Maybe each step will then contribute a crude direction which is enough in aggregation? This could explain your results but I'd be really interested in hearing more about your method/loss function! Also would be interested in a comparison with a two timestep windowed ANN.

edit4: After reading comments it seems like your architecture is not an RNN.

RNN: Stateful - carry forward hidden state $h_t$ indefinitely This is your model but the training is different.

~~Your model: Stateless - hidden state rebuilt in each step~~ edit2 : added more refs to DNNs edit3 : fixed gradstep and some notation edit5 : Fixed the interpretation of your model after your answer/clarification.

— ragulpr
fonte

thank you for your answer. I think you may have misunderstood what I am doing though. In the forward propagation I only do one step, so that in the back propagation it is also only one step. I don't forward propagate across multiple inputs in the training sequence. I see what you mean about a crude direction that is enough in aggregation to allow learning, but I have checked my gradients with numerically calculated gradients and they match for 10+ decimal places. The back prop works fine. I am using cross entropy loss.

— Frobot

I am working on taking my same model and retraining it with BPTT as we speak to have a clear comparison.
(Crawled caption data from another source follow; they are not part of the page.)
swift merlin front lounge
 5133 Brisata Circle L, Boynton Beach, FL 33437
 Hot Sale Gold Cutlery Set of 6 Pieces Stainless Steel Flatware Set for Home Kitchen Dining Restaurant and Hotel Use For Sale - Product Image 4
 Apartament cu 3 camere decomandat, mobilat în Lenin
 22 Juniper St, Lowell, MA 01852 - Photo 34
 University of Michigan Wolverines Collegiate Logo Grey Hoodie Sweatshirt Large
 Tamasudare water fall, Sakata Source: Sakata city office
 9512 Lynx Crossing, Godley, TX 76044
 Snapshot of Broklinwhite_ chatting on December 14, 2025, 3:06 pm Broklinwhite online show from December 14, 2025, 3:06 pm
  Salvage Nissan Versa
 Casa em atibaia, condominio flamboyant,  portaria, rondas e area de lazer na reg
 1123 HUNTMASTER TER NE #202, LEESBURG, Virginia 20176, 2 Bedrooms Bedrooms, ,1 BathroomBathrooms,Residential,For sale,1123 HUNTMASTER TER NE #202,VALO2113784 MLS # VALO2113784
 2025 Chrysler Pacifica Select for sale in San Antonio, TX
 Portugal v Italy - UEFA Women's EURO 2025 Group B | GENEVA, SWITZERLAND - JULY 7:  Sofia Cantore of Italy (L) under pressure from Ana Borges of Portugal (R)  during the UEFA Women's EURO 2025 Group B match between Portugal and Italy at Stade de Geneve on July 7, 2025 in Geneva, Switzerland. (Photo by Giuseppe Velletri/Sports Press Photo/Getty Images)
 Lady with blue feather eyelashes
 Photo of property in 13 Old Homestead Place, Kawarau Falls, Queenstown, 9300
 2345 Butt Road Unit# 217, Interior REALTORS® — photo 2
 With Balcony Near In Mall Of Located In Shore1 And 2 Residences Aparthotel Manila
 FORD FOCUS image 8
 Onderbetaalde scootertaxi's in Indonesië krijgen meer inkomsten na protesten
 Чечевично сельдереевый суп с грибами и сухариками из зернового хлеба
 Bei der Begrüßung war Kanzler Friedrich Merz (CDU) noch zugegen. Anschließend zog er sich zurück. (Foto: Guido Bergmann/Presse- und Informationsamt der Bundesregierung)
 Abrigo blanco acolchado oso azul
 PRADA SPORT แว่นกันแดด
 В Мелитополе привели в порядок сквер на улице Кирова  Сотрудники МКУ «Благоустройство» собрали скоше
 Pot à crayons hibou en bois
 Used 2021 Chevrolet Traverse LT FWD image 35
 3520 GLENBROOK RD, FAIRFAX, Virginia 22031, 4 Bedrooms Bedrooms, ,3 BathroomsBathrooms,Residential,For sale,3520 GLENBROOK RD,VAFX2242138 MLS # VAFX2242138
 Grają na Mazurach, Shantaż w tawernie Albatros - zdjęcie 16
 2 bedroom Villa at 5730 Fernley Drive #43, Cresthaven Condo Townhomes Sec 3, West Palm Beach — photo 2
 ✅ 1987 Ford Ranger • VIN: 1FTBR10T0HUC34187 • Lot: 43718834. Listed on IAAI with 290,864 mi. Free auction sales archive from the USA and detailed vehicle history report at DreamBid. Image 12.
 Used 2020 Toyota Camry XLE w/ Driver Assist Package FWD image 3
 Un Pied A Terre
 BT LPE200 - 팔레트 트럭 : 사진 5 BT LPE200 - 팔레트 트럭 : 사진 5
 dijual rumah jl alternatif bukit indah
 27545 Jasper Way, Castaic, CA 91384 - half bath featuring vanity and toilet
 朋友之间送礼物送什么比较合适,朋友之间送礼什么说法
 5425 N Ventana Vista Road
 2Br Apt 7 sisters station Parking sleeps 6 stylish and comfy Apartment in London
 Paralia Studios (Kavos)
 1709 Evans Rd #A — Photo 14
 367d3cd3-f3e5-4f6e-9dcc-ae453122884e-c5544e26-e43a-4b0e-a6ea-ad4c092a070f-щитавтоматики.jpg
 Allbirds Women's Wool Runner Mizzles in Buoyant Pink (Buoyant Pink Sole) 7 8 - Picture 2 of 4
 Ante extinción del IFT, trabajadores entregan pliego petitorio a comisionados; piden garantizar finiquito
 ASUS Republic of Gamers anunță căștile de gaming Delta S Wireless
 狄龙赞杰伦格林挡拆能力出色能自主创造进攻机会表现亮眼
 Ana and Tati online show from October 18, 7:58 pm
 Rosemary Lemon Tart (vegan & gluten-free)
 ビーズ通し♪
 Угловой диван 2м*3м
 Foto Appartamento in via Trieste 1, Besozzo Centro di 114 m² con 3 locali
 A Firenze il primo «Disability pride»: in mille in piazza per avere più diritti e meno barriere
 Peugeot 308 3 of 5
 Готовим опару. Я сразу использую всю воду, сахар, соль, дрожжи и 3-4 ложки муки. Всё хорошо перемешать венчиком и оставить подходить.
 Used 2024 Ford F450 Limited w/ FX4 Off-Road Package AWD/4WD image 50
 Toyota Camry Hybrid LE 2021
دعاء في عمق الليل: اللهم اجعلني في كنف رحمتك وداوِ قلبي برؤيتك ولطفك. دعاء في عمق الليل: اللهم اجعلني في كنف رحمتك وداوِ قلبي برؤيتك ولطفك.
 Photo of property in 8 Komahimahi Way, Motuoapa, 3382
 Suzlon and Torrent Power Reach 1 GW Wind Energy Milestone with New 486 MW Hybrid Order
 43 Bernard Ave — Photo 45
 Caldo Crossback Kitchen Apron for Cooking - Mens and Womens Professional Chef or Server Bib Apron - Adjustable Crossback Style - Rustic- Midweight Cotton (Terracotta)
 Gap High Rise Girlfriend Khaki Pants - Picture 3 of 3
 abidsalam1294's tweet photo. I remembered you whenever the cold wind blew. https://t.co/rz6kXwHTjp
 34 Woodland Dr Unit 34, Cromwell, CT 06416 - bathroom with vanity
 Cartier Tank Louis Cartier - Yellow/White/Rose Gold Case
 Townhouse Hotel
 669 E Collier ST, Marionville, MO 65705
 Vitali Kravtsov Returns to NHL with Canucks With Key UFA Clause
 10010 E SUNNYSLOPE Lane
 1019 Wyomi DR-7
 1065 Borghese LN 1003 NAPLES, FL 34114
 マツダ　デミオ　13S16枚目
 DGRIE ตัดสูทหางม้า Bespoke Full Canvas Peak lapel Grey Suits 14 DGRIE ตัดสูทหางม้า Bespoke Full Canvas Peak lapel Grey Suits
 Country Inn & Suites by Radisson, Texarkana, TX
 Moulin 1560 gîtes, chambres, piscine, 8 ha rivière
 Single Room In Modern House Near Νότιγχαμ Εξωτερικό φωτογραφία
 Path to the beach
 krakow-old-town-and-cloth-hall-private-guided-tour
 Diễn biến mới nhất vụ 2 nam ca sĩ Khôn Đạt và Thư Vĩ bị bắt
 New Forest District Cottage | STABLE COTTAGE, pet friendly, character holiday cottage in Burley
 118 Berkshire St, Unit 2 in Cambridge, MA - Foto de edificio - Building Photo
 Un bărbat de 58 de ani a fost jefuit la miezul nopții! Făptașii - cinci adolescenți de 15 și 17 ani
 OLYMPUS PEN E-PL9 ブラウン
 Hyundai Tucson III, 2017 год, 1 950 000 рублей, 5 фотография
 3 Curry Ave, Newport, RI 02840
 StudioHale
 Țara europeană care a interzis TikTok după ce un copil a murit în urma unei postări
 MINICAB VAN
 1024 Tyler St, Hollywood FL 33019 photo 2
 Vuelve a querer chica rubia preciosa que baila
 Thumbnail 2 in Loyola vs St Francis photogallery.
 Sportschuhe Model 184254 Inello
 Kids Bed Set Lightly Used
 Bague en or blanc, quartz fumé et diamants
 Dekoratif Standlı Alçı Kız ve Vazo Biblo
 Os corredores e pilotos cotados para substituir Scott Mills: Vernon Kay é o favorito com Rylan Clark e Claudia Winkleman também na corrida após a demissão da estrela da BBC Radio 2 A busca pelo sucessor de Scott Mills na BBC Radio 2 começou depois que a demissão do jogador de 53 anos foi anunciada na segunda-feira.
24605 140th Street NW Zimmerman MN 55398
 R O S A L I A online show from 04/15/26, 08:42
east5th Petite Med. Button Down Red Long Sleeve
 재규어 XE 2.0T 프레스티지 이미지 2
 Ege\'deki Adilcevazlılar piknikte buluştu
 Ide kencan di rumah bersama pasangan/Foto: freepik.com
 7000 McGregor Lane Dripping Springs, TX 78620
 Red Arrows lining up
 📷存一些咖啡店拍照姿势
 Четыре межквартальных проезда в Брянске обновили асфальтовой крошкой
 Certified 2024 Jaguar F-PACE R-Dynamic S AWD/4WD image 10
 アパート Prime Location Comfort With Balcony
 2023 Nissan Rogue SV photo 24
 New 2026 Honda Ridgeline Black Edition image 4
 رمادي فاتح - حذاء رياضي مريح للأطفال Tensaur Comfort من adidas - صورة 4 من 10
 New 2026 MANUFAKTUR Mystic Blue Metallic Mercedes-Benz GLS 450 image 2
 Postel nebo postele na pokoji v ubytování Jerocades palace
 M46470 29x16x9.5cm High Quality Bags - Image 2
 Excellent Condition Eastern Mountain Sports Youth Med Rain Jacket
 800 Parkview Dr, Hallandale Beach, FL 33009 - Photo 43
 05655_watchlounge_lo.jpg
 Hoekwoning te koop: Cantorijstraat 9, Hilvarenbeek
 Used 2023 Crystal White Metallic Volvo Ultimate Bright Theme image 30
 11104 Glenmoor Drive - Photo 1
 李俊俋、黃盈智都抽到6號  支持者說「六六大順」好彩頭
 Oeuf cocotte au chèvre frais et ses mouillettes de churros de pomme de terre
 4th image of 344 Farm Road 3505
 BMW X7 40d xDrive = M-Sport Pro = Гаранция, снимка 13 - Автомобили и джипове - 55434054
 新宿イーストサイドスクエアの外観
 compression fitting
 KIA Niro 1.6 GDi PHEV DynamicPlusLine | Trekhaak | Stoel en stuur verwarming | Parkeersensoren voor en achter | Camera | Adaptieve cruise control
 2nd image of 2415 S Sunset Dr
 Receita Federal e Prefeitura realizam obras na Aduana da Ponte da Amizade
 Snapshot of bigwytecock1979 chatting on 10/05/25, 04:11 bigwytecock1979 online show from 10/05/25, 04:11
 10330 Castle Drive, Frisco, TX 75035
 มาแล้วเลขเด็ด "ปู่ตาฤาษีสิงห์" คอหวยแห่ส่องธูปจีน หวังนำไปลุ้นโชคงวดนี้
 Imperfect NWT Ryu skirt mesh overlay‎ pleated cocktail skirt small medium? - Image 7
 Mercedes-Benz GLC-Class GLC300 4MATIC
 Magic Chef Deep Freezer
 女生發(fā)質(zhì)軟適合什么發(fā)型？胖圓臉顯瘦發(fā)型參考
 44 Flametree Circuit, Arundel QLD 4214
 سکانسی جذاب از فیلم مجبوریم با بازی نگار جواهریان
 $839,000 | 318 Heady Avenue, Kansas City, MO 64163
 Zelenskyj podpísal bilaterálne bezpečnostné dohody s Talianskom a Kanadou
I have also trained a model using this "one step" algorithm to predict whether a stock price will rise or fall for the next day, which is getting decent accuracy, so I will have two different models to compare BPTT vs single step back prop.

— Frobot

If you only forward propagate one step, isn't this a two layered ANN with feature input of last step to the first layer, feature input to the current step at the second layer but has same weights/parameters for both layers? I'd expect similar results or better with an ANN that takes input

{\hat{y}}_{t + 1} = f (x_{t}, x_{t - 1})

$\hat{y}_{t+1}=f(x_t,x_{t-1})$ i.e that uses a fixed time-window of size 2. If it only carries forward one step, can it learn long term dependencies?

— ragulpr

I'm using a sliding window of size 1, but the results are vastly different than making a sliding window of size 2 ANN with inputs (xt,xt−1). I can purposely let it overfit when learning a huge body of text and it can reproduce the entire text with 0 errors, which requires knowing long term dependencies that would be impossible if you only had (xt,xt−1) as input. the only question I have left is if using BPTT would allow the dependencies to become longer, but it honestly doesn't look like it would.

— Frobot

Look at my updated post. Your architecture is not an RNN, it's stateless so long term-dependencies not explicitly baked into the features can't be learned. Previous predictions does not influence future predictions. You can see this as if

\frac{\partial}{\partial {\hat{y}}_{t - 2}} {\hat{y}}_{t} = 0

$\frac{\partial}{\partial \hat{y}_{t-2}}\hat{y}_t =0$ for your architecture. BPTT is in theory identical to BP but performed on an RNN-architecture so you can't but I see what you mean, and the answer is no. Would be really interesting to see experiments on stateful RNN but only onestep BPTT though ^^

— ragulpr

"Unfolding through time" is simply an application of the chain rule,

\frac{d F (g (x), h (x), m (x))}{d x} = \frac{\partial F}{\partial g} \frac{d g}{d x} + \frac{\partial F}{\partial h} \frac{d h}{d x} + \frac{\partial F}{\partial m} \frac{d m}{d x}

$\frac{dF(g(x), h(x), m(x))}{dx} = \frac{\partial F}{\partial g}\frac{dg}{dx} + \frac{\partial F}{\partial h}\frac{dh}{dx} + \frac{\partial F}{\partial m}\frac{dm}{dx}$

The output of an RNN at time step $t$ , $H_t$ is a function of the parameters $\theta$ , the input $x_t$ and the previous state, $H_{t-1}$ (note that instead $H_t$ may be transformed again at time step $t$ to obtain the output, that is not important here). Remember the goal of gradient descent: given some error function $L$ , let's look at our error for the current example (or examples), and then let's adjust $\theta$ in such a way, that given the same example again, our error would be reduced.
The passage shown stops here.